A few days before the 954th anniversary of the first mention of Šibenik in the charter of Croatian King Petar Krešimir IV, the Šibenik City Museum and the Fortress of Culture Šibenik came up with new findings belonging to the early Middle Ages.
In cooperation with the Public Institution Nature of Šibenik-Knin County, research has been conducted in the cave of St. Anthony, located in the canal of the same name. The head of the research, senior curator of the Šibenik Museum Emil Podrug, gathered a wide team to write a scientific paper on this site - eight experts from five institutions and three cities (Šibenik, Split, Zagreb).

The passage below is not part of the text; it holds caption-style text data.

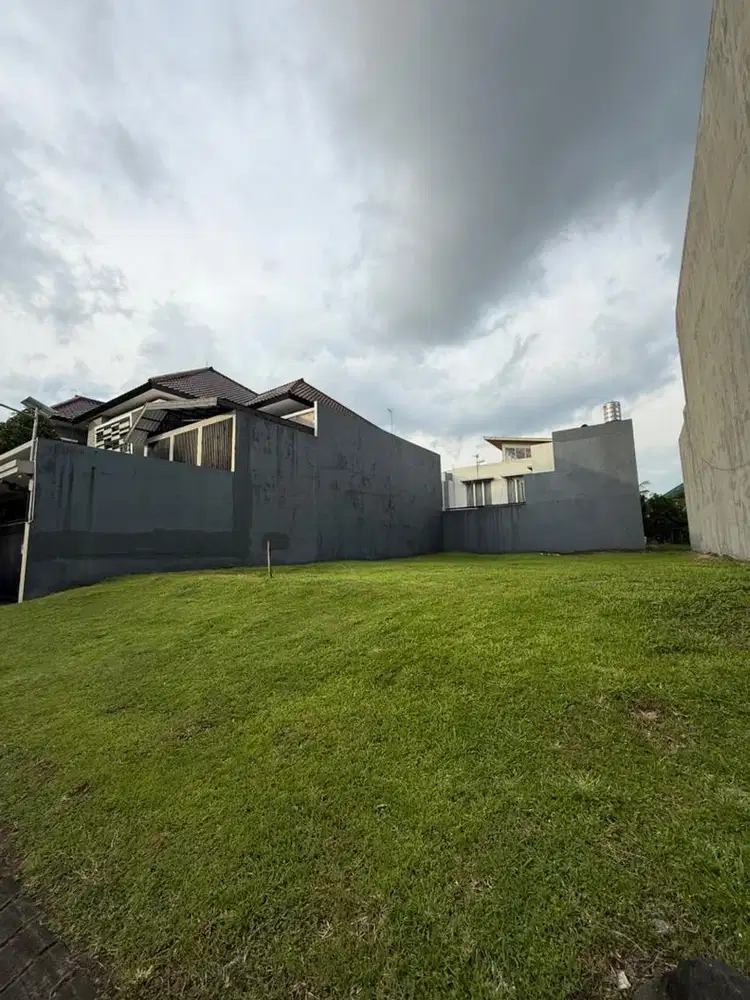 Tanah Kavling Greenwood Golf Utama Araya Malang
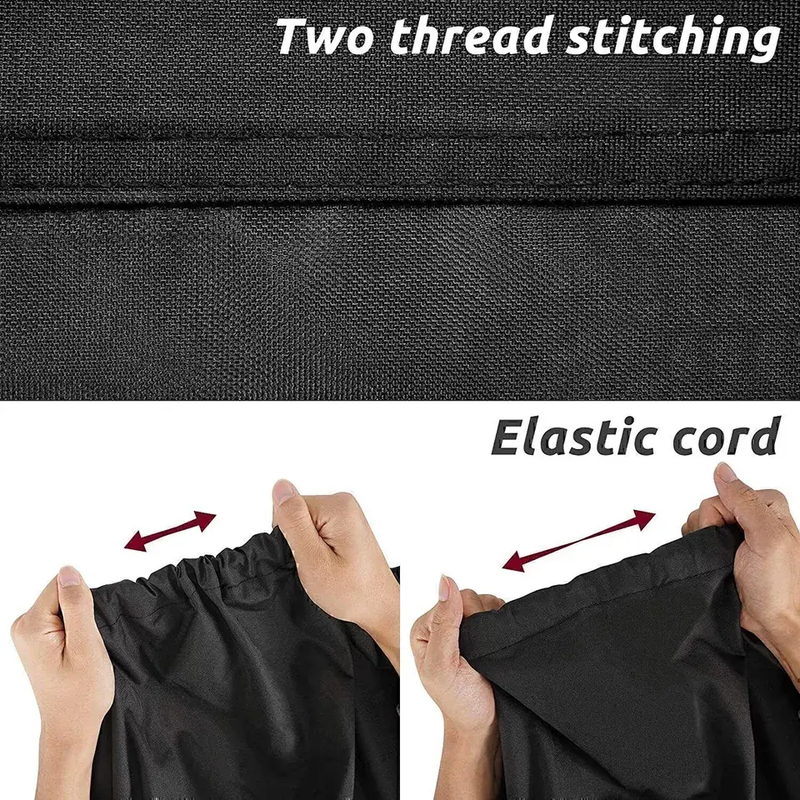 14"-16" 600D Boat Cover by salelink.co.nz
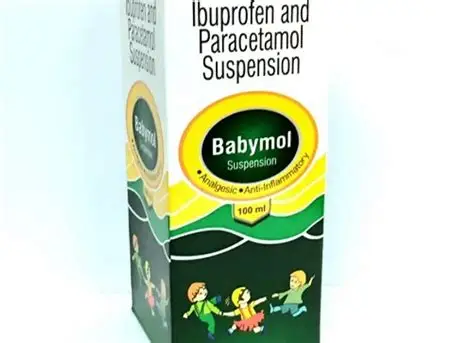Babymol Sus 100ml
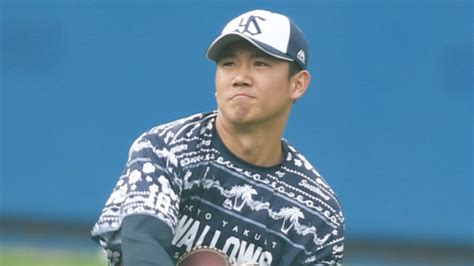 【6月14日プロ野球公示】阪神ノイジー、ヤクルト奥川、ロッテ藤岡ら登録 Dena大貫、巨人・大江、中日・藤嶋、オリックス田嶋ら抹消spaia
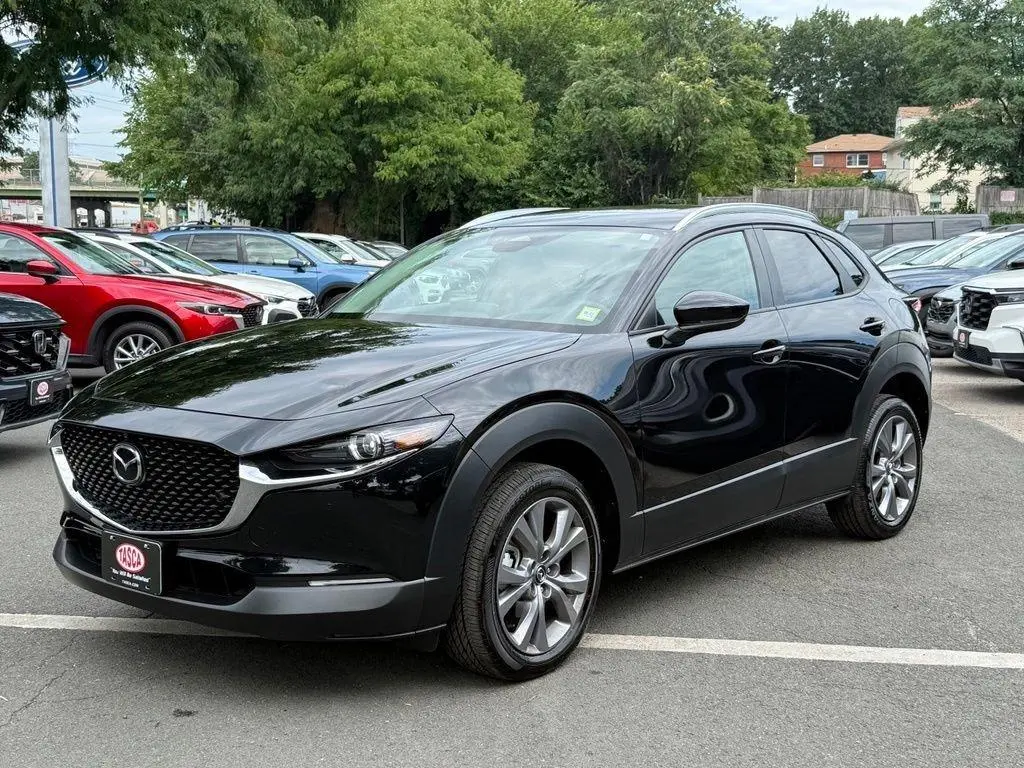 2026 Mazda CX-30 S Premium Package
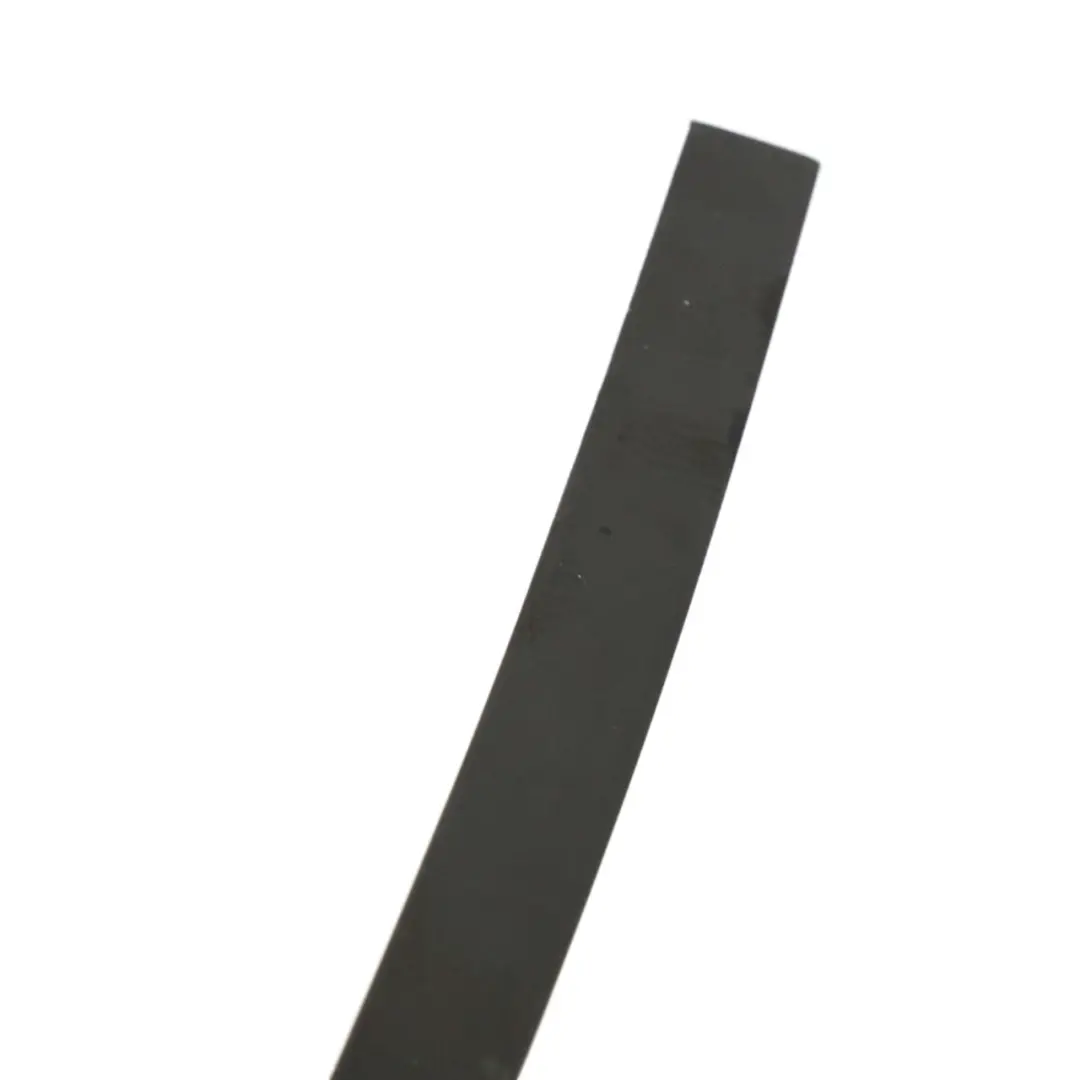 Mercedes C253 Window Frame Strip Front Right O/S Door Window Rail - SKU A2537253000 - Part number A2537253000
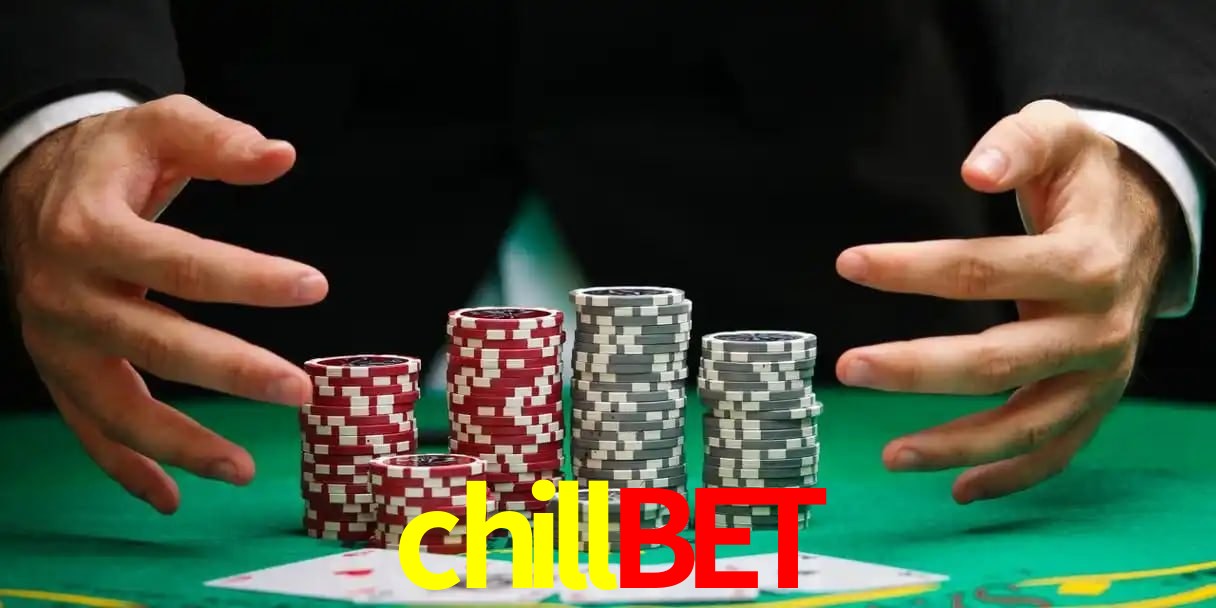 Promoção Relâmpago chillbet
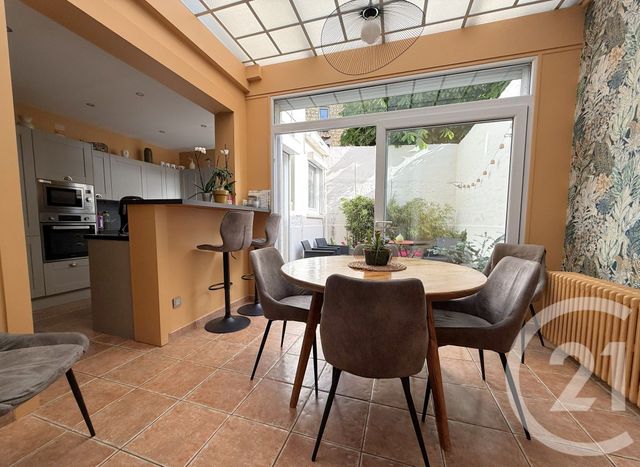 Maison &agrave; vendre - 9 pi&egrave;ces - 168,36 m2 - Malo Les Bains - 59 - NORD-PAS-DE-CALAIS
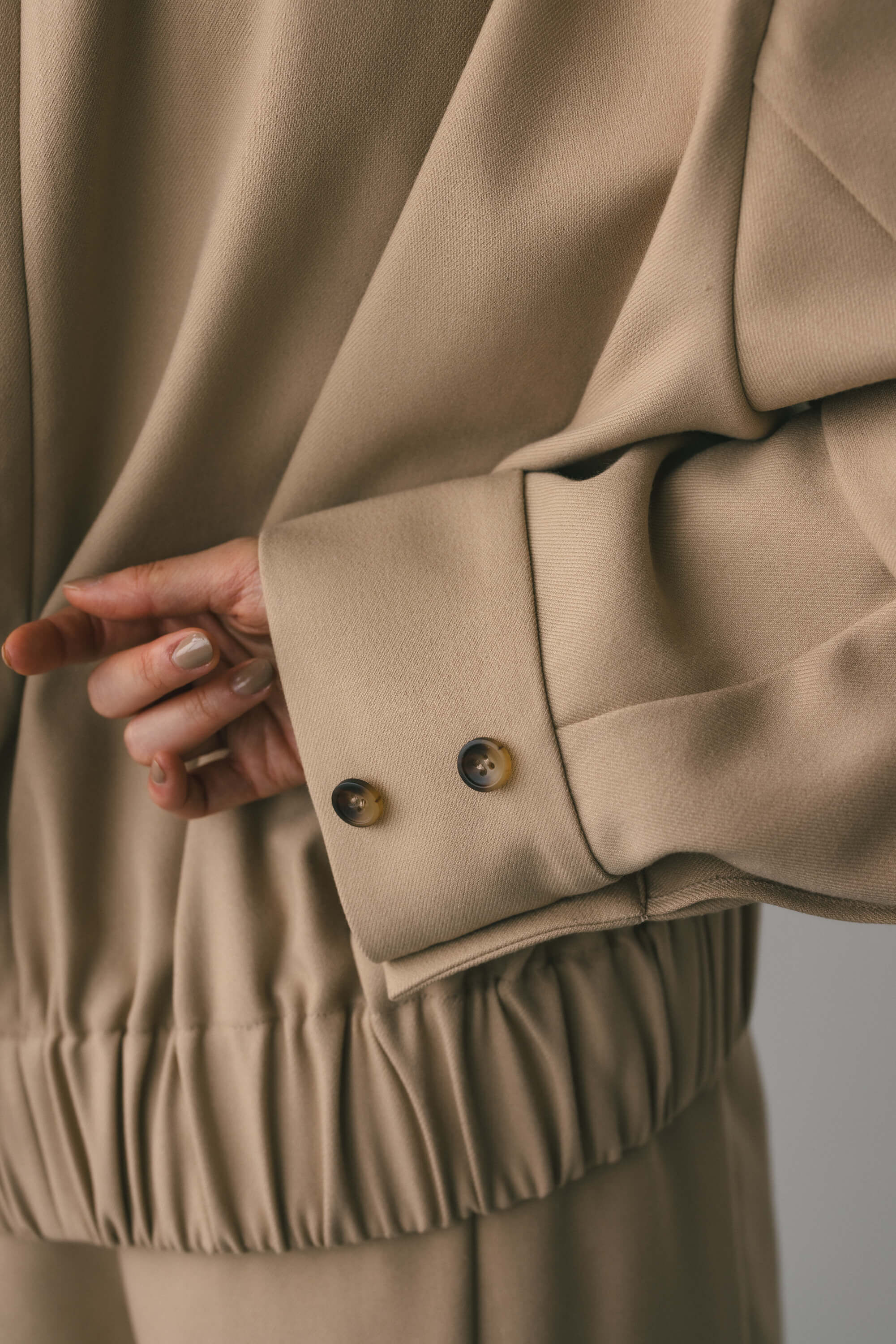 STYLEMIXER「ワイドスリーブブルゾン」|その他|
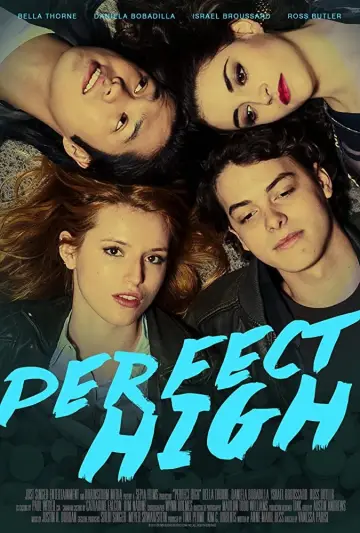 Poster to the movie "Perfect High" #496051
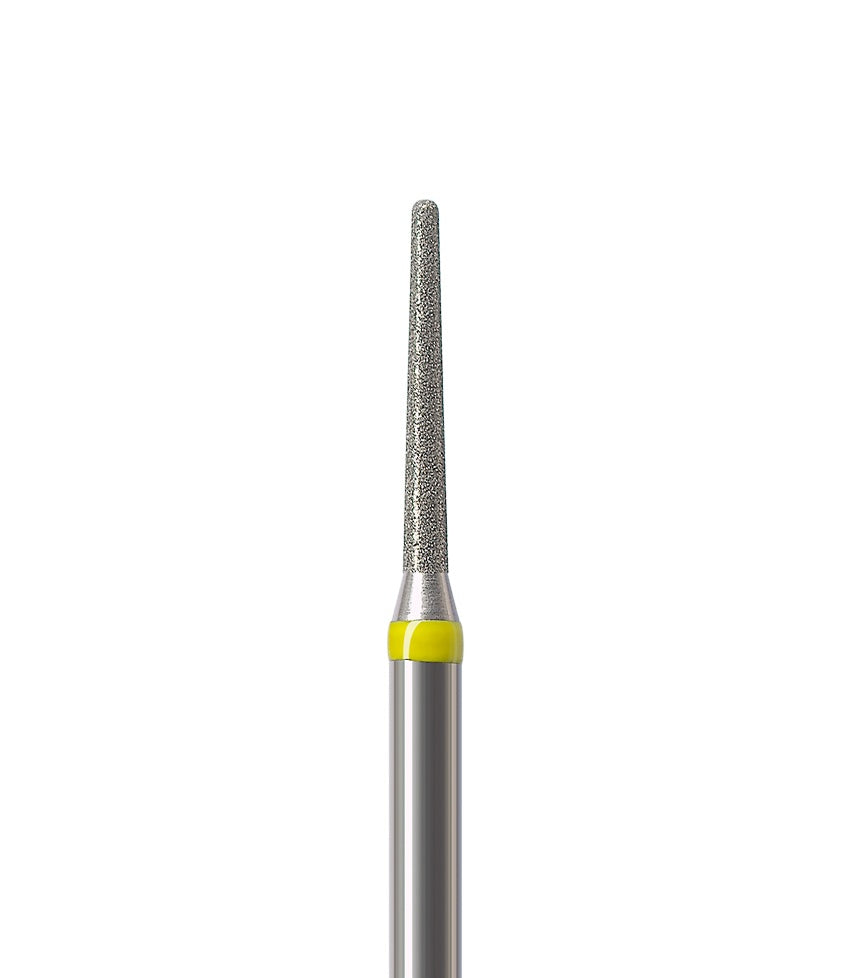 Бор з круглим кінцем середній OkoDent (856)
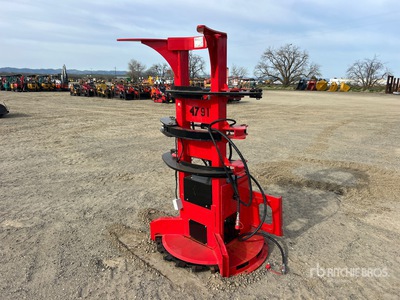 2025 GIYI FB30 30 in Skid Steer Feller Buncher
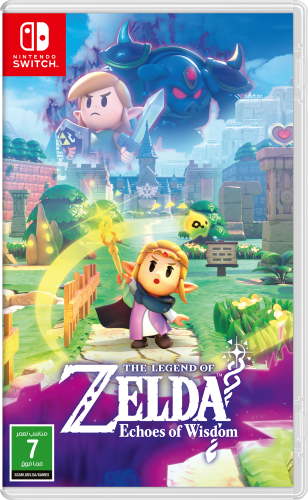 The Legend of Zelda: Echoes of Wisdom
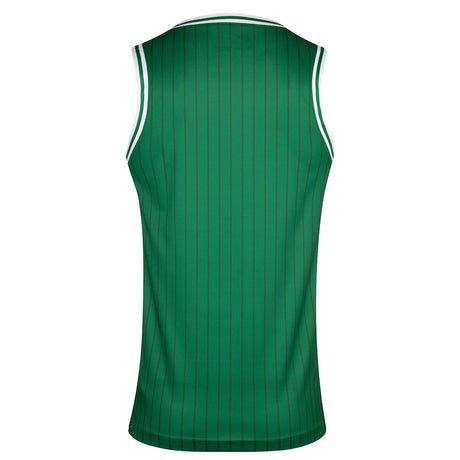 Nike Basketball Ireland 2026 Mens Sleeveless Home Jersey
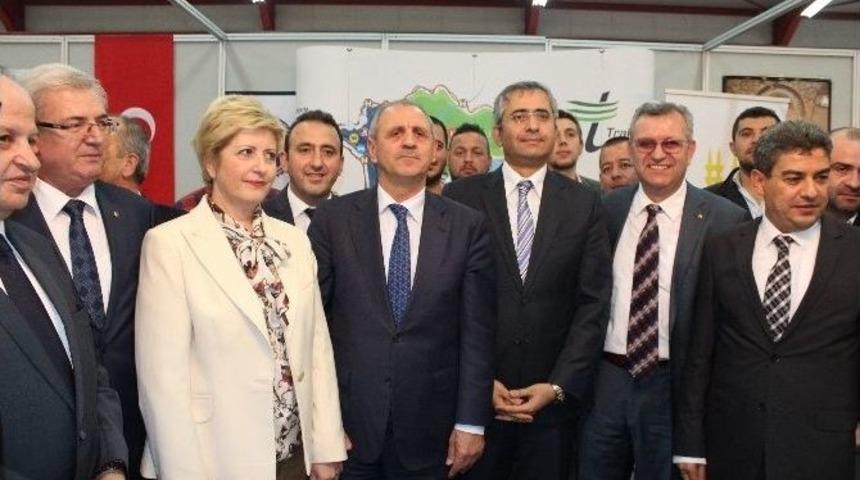 Trakyaka Ticaret Ve Sanayi Odaları İle G&uuml;m&uuml;lcine&rsquo;de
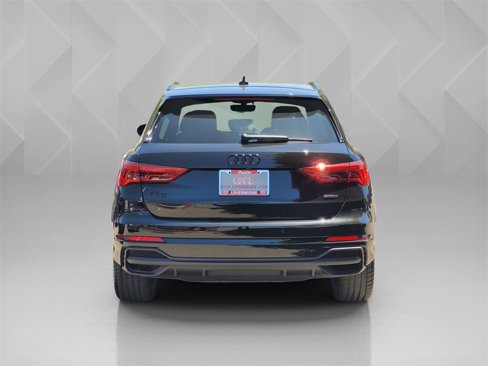 New 2025 Audi Q3 2.0T Premium Plus image 5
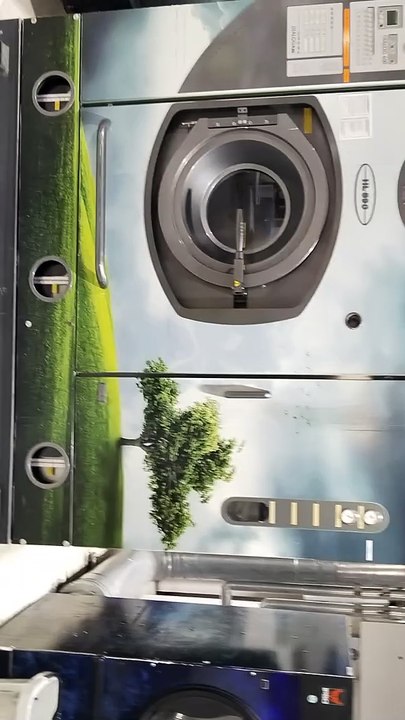 Laundry work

One of the research locations was St. Michael's Fortress. It is less known that a stone fragment with three-bar braids was found in the fortress as far back as 1911, and an oil lamp from the second half of the 9th century was found in the 1990s. The site has been used for defense since Illyrian times, and it is believed that most of the ramparts preserved today were built during the Venetian rule.
However, some walls seem older, and today’s non-invasive archaeological methods provide new opportunities for exploration. One such wall is also the deepest part of the northeastern rampart, whose plaster contained pieces of coal. Chemical C14 dating of coal was performed by experts from the Laboratory for Measurement of Low Radioactivity at the Department of Experimental Physics of the Ruđer Bošković Institute, and the research was co-financed by the European project EMOUNDERGROUNDS in which the Fortress of Culture is one of the partners.
The results of the analysis show a date from the very end of the 9th or through the 10th century, more precisely between 881 and 978. This strongly suggests that this part of the ramparts was built during the said period. These two clues provide us additional confirmation and suggest moving the origin and continuity of Croatian Šibenik a century or two earlier.